*** Information given ***

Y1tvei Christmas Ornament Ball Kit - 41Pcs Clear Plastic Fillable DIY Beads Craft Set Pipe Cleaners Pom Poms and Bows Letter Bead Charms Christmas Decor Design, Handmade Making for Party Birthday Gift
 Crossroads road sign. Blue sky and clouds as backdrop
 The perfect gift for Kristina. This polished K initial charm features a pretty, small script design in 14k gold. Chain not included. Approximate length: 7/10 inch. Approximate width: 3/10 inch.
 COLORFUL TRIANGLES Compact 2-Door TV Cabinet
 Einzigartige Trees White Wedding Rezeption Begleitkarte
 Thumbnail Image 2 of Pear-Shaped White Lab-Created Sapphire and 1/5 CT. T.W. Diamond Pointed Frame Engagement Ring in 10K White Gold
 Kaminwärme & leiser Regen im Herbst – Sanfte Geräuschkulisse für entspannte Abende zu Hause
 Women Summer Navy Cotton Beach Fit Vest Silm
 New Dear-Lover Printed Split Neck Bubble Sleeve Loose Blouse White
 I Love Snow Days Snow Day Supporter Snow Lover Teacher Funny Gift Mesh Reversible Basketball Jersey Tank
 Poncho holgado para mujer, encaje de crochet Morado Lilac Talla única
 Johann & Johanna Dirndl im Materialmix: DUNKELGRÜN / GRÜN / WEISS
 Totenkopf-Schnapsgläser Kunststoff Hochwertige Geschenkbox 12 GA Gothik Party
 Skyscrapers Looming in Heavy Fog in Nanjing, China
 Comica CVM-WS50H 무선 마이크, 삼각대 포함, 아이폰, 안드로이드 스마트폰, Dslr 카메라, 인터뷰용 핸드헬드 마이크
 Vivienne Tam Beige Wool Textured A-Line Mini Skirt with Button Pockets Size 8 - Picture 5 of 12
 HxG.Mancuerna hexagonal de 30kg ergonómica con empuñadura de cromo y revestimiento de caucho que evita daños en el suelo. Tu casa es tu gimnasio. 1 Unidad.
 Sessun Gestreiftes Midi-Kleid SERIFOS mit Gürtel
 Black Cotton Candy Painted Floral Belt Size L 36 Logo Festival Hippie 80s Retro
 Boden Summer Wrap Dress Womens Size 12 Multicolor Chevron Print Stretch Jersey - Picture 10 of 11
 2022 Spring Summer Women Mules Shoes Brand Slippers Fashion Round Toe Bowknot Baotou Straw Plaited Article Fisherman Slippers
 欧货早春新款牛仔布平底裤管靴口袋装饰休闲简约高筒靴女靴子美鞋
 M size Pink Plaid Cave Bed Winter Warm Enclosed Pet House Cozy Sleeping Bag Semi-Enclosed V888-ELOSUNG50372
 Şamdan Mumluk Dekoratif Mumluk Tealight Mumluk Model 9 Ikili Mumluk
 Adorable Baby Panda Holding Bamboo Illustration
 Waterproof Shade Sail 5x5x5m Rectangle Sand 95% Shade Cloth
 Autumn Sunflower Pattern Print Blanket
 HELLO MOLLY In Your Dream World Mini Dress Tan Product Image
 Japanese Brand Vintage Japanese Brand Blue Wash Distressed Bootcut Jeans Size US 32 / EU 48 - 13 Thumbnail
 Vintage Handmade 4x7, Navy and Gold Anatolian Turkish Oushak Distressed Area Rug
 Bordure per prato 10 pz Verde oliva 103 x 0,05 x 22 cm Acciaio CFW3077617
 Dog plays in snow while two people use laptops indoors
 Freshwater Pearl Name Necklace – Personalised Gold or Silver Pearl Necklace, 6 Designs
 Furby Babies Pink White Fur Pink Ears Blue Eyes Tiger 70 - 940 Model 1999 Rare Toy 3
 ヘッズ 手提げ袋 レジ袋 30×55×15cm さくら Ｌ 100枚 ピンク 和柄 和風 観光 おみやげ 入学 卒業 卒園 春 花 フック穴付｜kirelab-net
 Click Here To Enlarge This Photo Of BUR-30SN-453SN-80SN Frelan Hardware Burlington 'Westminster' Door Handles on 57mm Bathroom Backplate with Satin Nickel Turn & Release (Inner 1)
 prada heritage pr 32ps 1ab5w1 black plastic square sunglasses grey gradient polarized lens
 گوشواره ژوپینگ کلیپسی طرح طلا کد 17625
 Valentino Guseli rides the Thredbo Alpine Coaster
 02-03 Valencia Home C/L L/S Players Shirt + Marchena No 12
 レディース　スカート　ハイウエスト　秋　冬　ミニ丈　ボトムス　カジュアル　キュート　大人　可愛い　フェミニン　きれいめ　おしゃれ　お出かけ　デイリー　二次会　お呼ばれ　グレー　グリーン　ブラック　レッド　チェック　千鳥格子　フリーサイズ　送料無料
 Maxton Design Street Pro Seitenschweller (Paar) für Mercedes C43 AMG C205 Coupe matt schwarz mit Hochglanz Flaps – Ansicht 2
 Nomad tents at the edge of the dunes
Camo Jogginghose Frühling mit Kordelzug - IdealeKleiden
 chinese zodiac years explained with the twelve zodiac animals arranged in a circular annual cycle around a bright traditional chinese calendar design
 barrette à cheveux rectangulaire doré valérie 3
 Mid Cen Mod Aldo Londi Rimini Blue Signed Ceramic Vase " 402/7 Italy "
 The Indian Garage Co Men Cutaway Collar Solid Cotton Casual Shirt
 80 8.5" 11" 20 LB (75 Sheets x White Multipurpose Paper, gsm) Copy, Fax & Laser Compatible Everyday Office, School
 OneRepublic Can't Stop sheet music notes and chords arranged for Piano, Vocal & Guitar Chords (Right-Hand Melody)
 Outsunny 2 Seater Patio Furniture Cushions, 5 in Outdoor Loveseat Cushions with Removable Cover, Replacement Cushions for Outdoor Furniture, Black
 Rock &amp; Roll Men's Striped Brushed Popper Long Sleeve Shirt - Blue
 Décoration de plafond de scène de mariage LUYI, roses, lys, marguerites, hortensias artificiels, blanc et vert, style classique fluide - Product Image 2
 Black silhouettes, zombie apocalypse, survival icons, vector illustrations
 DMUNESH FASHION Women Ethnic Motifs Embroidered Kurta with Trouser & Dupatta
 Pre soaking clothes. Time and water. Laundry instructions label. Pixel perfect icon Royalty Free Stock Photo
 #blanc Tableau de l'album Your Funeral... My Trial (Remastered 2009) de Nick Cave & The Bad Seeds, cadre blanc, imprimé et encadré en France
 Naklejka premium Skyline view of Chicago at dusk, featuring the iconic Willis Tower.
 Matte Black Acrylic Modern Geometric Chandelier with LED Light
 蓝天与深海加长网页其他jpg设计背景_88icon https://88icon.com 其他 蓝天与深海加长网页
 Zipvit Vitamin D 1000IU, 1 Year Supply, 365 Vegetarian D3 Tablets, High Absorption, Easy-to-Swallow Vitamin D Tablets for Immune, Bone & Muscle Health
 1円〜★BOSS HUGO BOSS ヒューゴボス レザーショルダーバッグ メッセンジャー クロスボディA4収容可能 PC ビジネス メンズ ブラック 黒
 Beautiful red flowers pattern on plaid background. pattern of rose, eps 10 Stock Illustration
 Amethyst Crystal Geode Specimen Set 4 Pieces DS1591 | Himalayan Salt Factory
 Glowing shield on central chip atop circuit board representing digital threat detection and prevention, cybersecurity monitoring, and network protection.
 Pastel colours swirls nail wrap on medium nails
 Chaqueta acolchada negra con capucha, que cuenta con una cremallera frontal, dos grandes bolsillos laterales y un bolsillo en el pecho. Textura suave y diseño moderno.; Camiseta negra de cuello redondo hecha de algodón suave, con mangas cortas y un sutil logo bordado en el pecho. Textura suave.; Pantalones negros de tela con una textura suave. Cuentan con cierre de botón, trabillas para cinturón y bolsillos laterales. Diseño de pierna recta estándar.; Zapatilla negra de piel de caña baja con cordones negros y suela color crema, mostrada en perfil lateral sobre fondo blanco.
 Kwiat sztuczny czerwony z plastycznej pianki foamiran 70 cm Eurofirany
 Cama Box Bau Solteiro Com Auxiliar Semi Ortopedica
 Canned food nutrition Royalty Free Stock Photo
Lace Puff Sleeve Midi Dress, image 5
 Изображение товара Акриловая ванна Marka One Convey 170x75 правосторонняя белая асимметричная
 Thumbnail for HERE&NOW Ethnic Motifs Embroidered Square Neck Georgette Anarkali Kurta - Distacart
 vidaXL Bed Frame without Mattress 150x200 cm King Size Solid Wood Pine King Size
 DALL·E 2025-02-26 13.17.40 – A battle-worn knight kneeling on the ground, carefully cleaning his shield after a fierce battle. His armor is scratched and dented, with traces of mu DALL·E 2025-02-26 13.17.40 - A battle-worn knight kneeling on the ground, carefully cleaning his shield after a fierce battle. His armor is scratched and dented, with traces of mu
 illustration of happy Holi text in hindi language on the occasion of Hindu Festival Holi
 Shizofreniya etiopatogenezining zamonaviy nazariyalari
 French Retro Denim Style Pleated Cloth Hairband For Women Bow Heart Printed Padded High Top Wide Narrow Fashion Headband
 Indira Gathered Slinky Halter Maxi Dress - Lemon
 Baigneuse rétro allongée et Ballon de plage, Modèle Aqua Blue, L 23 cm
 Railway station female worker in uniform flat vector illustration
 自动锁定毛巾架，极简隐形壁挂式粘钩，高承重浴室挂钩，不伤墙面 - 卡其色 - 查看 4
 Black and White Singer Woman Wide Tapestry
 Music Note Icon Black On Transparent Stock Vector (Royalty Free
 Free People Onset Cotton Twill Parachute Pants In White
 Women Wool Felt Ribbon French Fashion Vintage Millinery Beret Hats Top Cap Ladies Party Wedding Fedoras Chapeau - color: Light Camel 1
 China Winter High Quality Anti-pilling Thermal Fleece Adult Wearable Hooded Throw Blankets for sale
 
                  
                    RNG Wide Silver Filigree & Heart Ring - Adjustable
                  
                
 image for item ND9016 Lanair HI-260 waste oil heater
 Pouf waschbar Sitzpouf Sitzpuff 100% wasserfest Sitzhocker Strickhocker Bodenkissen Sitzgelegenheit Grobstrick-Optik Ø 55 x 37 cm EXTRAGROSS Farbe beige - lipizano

*** End of Information given ***

● **Exercise goal**:
Retype, exactly as shown, the lines from the one with "Women Wool Felt" through the end of the records.

● **Task solution**:
 Women Wool Felt Ribbon French Fashion Vintage Millinery Beret Hats Top Cap Ladies Party Wedding Fedoras Chapeau - color: Light Camel 1
 China Winter High Quality Anti-pilling Thermal Fleece Adult Wearable Hooded Throw Blankets for sale
 
                  
                    RNG Wide Silver Filigree & Heart Ring - Adjustable
                  
                
 image for item ND9016 Lanair HI-260 waste oil heater
 Pouf waschbar Sitzpouf Sitzpuff 100% wasserfest Sitzhocker Strickhocker Bodenkissen Sitzgelegenheit Grobstrick-Optik Ø 55 x 37 cm EXTRAGROSS Farbe beige - lipizano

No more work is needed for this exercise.